### Work required
Exact copies of the lines below, from the one with "Social Notecard Professionele" up to and including the one with "A cup of hot cocoa with marshmallows sticker", are what this calls for; leave out pictures.

### Data excerpts

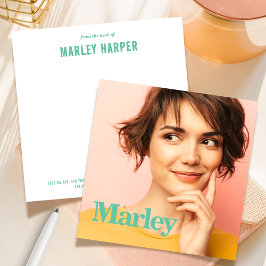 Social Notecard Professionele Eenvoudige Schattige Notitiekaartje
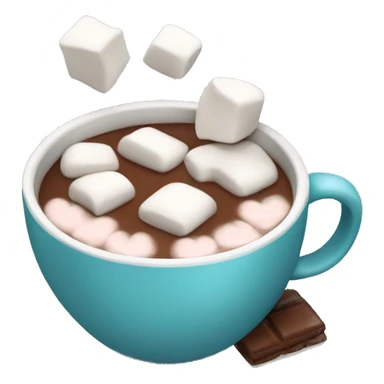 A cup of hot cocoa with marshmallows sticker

==

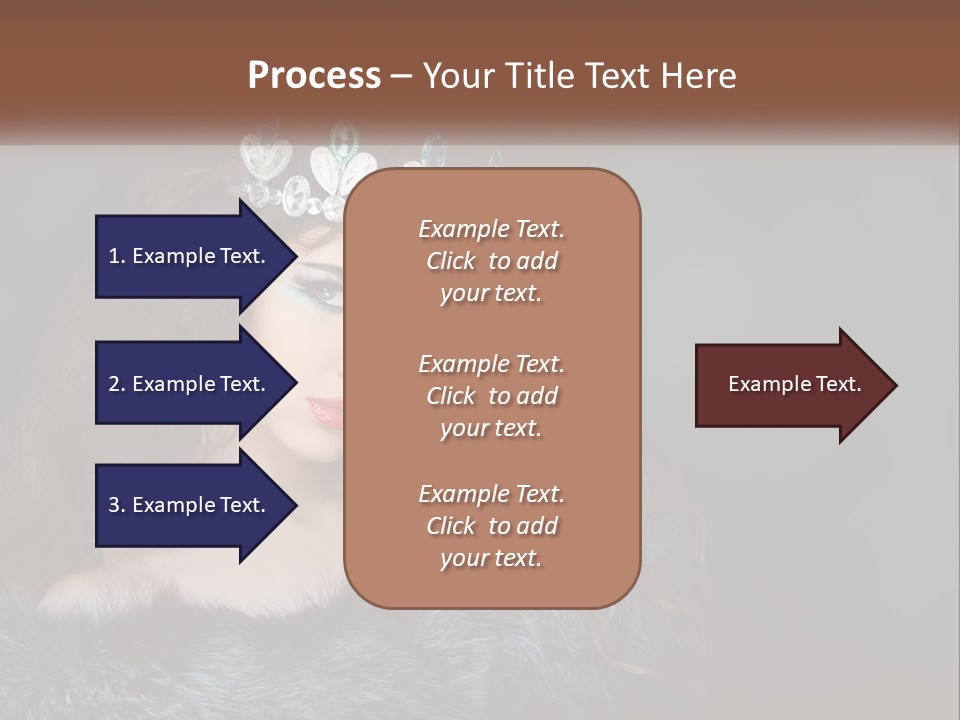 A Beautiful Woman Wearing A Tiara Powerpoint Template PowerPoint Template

* * *

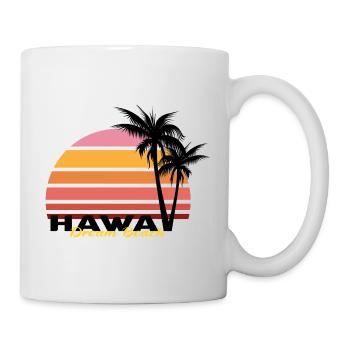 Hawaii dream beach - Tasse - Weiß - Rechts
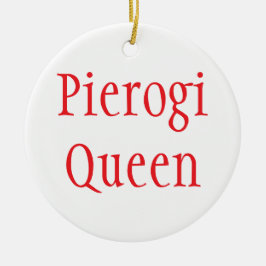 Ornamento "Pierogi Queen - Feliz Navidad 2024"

### Answer for this exercise
 Social Notecard Professionele Eenvoudige Schattige Notitiekaartje
 A cup of hot cocoa with marshmallows sticker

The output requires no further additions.